In 2001 South Africa was devastated by the news of the brutal rape of nine-month-old baby Tshepang in Louisvaleweg, a small town in the Northern Cape, leaving behind scars which still penetrate today. Once the story hit local and international headlines, it was as if the scab was torn off a festering wound as hundreds of similar stories suddenly surfaced via the media - each equally horrific.
Inspired by this shocking true story, Lara responded to the desperate situation by starting to write the play in 2002, based on extensive research from media articles and related material and a deeper investigation into both the physical and socio-economic landscape where events such as these occur. Rather than pointing fingers and finding unsubstantiated answers, the play draws the viewer into the complexities and contradictions that surround these events.

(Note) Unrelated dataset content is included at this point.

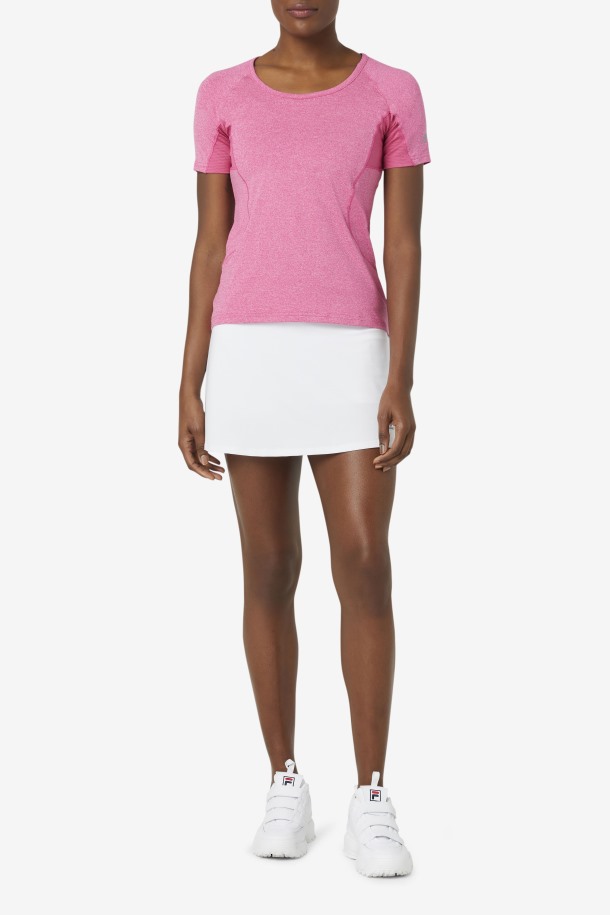 Fila Outlets Rosa Brillo Heather Pickleball Camiseta De Manga Corta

She explains, “While searching for meaning in the incomprehensible brutality of this heinous and senseless act of brutality, I wanted the play to bring insight to the audience and, perhaps, in its small way, even offer some sort of healing as well.”
Tshepang became an international success as it presented a rare and necessary foray into a world that few have seen before. It draws on a South African style of story-telling, combining striking visual imagery with an African sense of magic realism while cleverly and sensitively layering the story with complex psychological and personal issues. Although the topic may be brutal, the way it is handled is sensitive, even poetic, earning the production praise from audiences and critics around the globe.
While the content of the play is influenced or motivated by factual evidence, the story is purely fictional, weaving together twenty thousand stories - the number of reported child rapes in South Africa per year. Tshepang is ultimately a story of love, forgiveness and coming to terms with a devastation of this magnitude.